Proverbs tells us that “Fools show their annoyance at once, but the prudent overlook an insult” (Proverbs 12:16). Learning not to overreact is a challenge for many of us. It certainly is for me. Fran’s had some difficulty with her tendency to overreact, too, and it has caused her to get angry at her client and, even for a moment, at her Uncle George.

Having recognized the error of her way, she has apologized to her aunt and uncle for—what else—overreacting. She has come to understand that the comment which upset her so much was not as rude and unprofessional as she had made it out to be.

As she talks with her aunt and uncle about it this evening, she says, “I think some of it is just the difference between men and women, don’t you?”

“What do you mean?” her aunt doesn’t quite get it.

“Well,” Fran answers, “we women tend to be more subtle and careful about the words we choose because we know how easily our feelings can be hurt. I think men tend to simply state facts and let the chips fall where they may, so to speak. Therefore, what Mr. LeFevre said about me not doing a complete job really hurt my feelings, but you saw it as a simple directive, Uncle George—something to be expected. Tell the truth, would it have affected you the way it affected me?”

He thinks about it a minute. “Well, it sure makes us men sound terribly insensitive, but I have to admit, I couldn’t see why you were that upset over it.
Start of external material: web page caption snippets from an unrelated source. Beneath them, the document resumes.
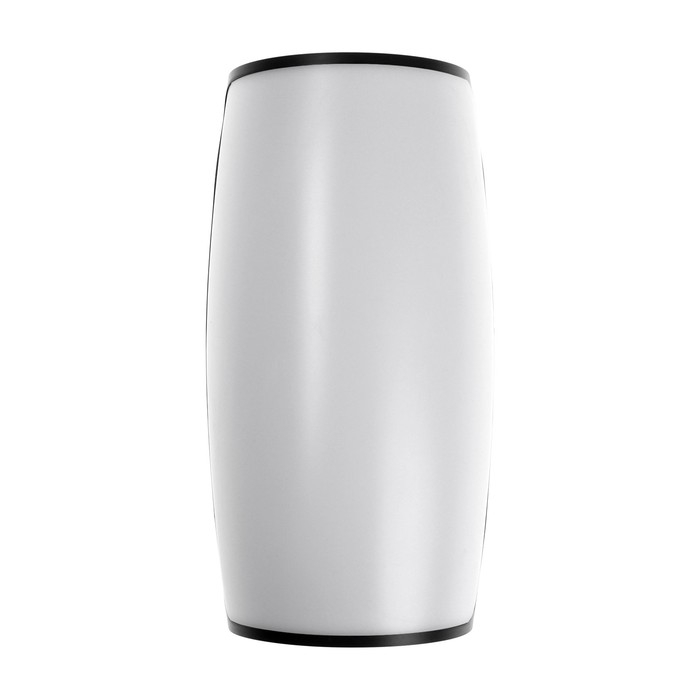 Светильник фасадный &laquo;Лайтвей&raquo;, FSD-077, 24 Вт, 3000K, IP65, 220 В, пластик, черный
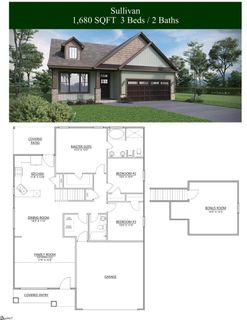 832 Judah Drive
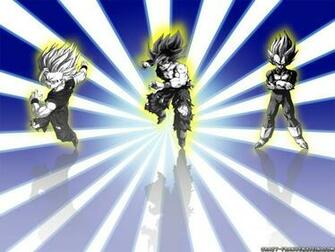 The Best Cartoon Wallpaper Dragon Ball Z Gallery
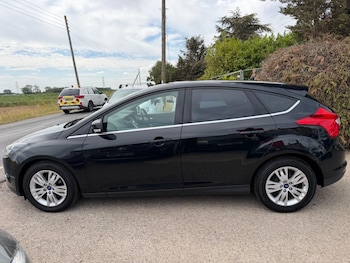 Used Ford Focus 2014 for sale - 79348606: Photo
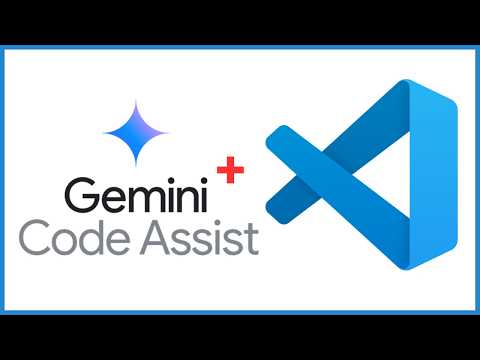 How to Set Up Gemini Code Assist in Visual Studio Code 🚀 Full Guide (2026)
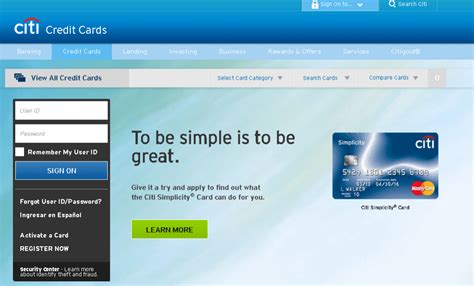 Citicards com login. Things To Know About Citicards com login. 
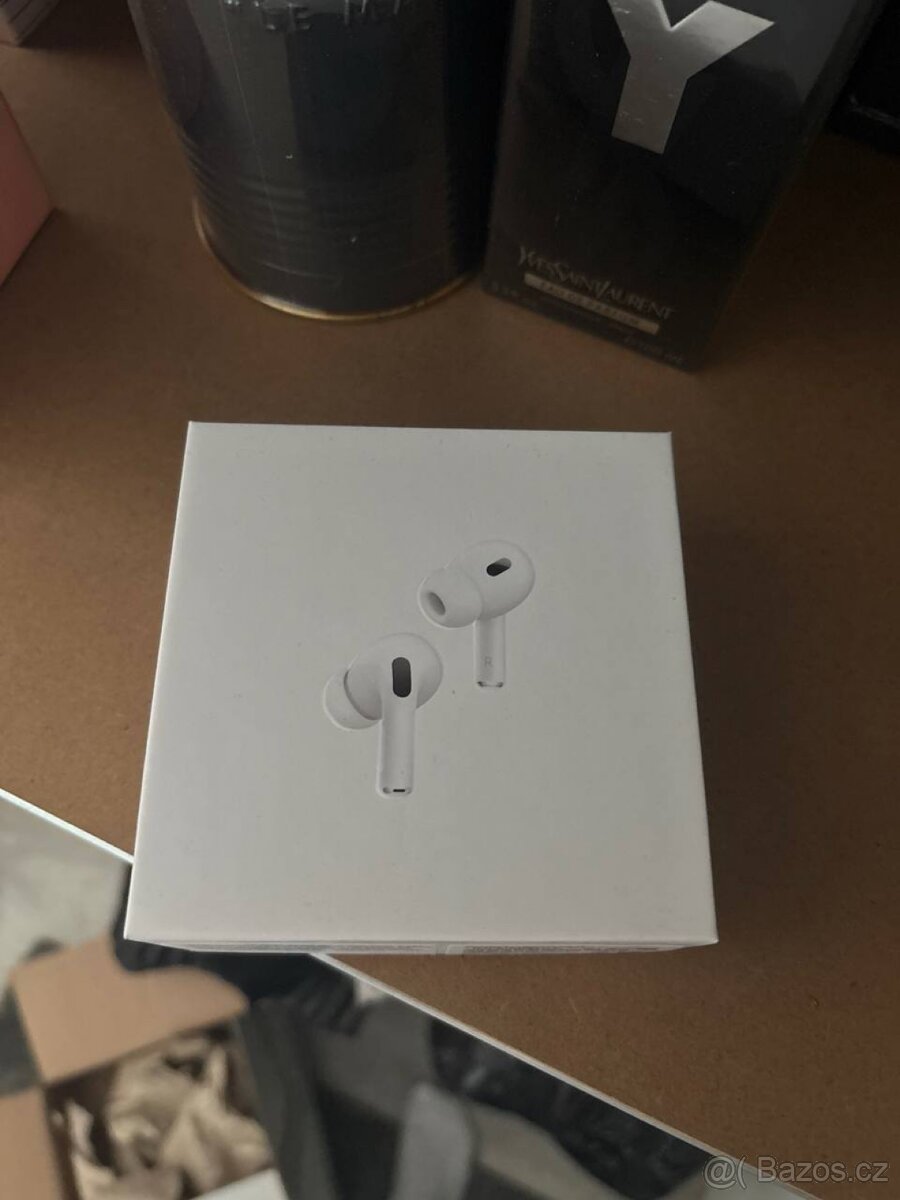 AirPods Pro 2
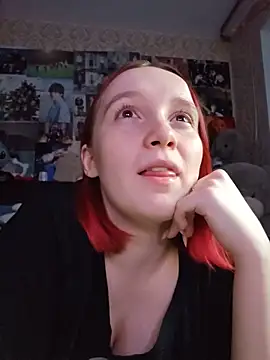 Jane_me0w Adlı Modelin Canlı XXX Sohbeti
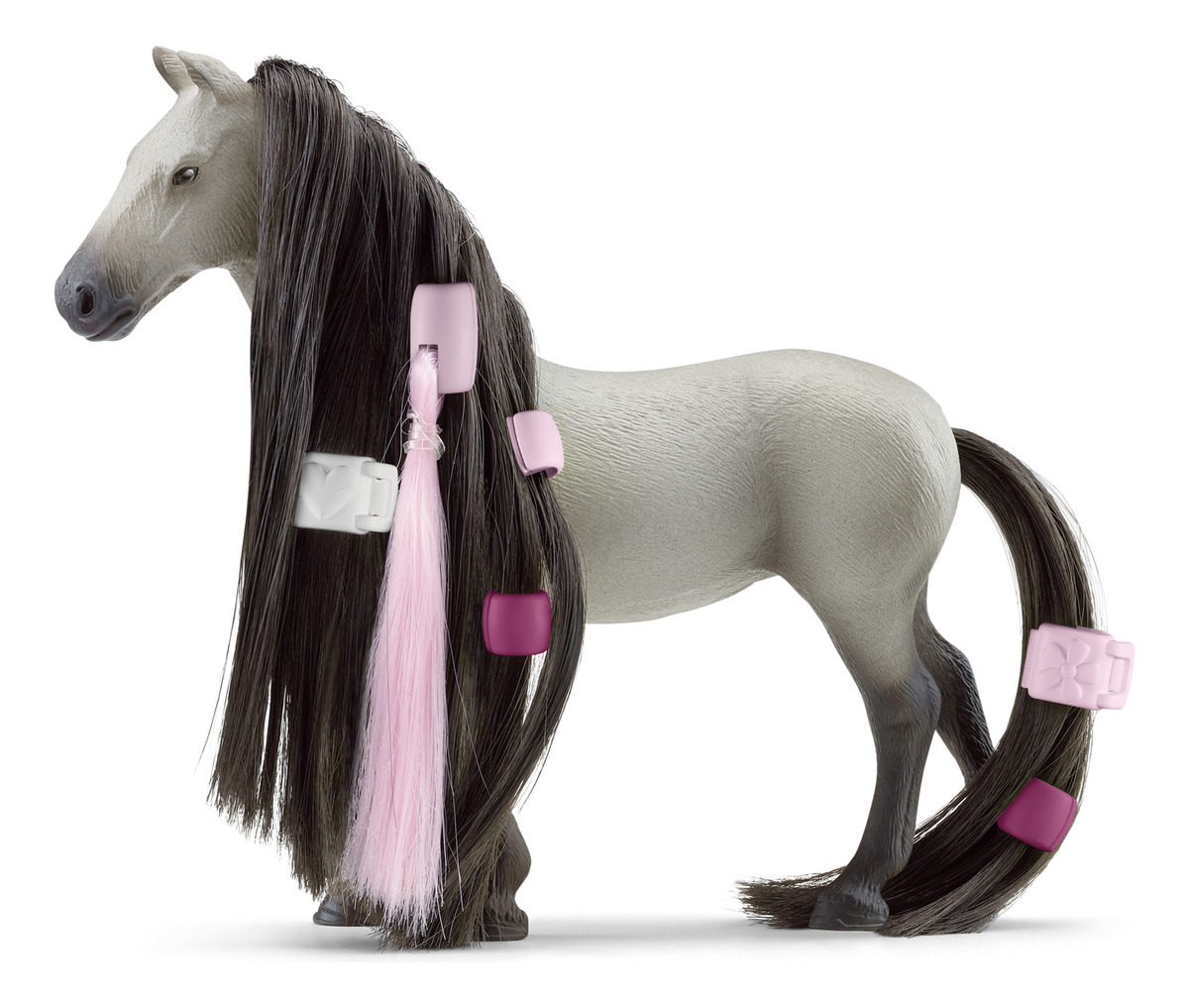 Set De Iniciacion Sofia Y Dusty Horse Club Schleich Trex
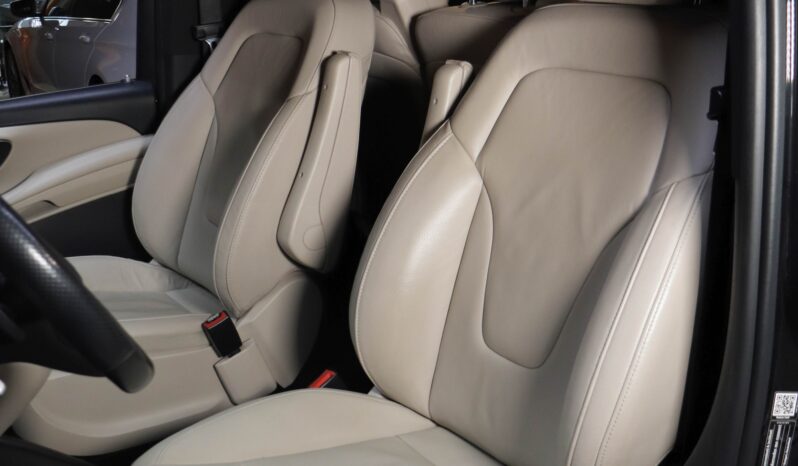 MERCEDES-BENZ Clase V250d  Extralargo lleno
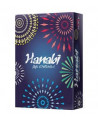 Hanabi ¡Qué espectáculo!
I mean, it’s just a business decision; it goes with the territory.”

Fran starts to laugh. “Isn’t it crazy how differently we see things?” she replies. “His comment hurt my feelings so badly; I took it very personally. But you heard it as just a simple business decision. God made us quite different, didn’t he?”

“Vive la difference!” her uncle says with a twinkle in his eyes.

Fran laughs. “Don’t you think it would have been easier if he’d made us both think the same way?”

“Are you criticizing God’s design?” her aunt asks. “I’m glad George is different from me. It keeps us from being bored! Besides, we need each other.”

“Yeah?” Fran asks, smiling at her aunt and uncle.

“Yeah; your uncle needs my perspective on things and I need his. That way we have the best of both worlds,” her aunt philosophizes.

“I agree with that,” Fran says. “It’s sure worked well for you two. How many years now have you been married?”

“Fifty-two—but who’s counting,” George laughs.

Some good lessons have been learned.